*** Data segment ***

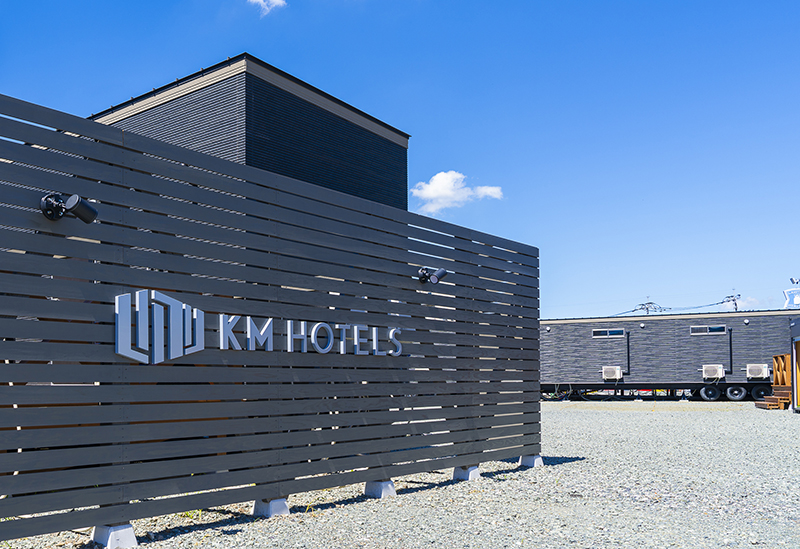 KM HOTELS South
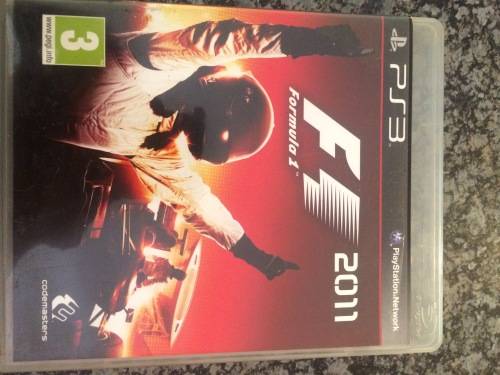 F1 2011 PS3
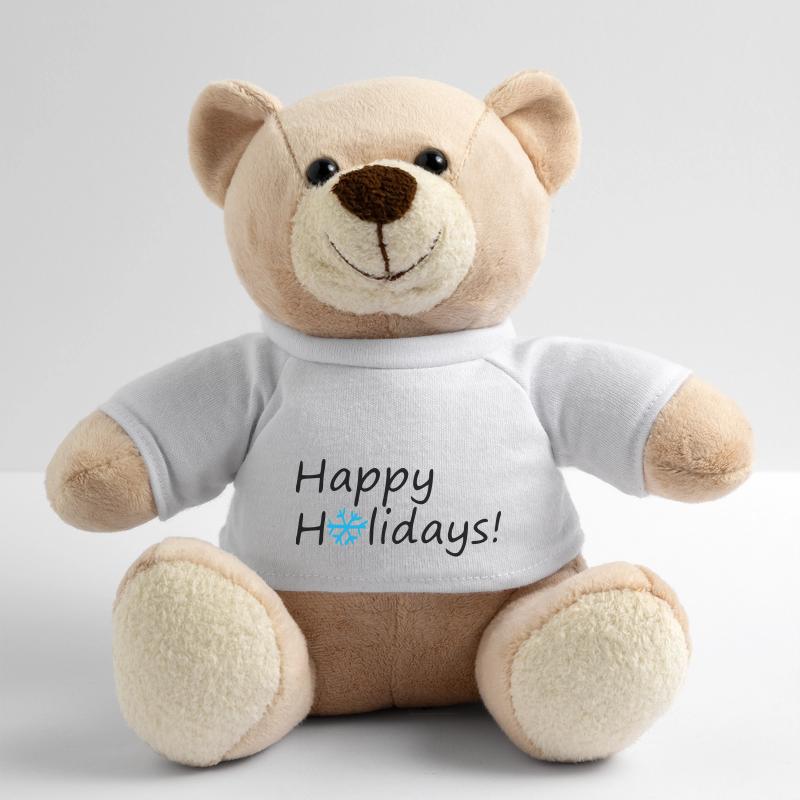 Joyeuses Fêtes Nounours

*** End of Data segment ***

(Exercise goal):
Repeat the listing exactly, pictures excluded.

(Finished exercise):
 KM HOTELS South
 F1 2011 PS3
 Joyeuses Fêtes Nounours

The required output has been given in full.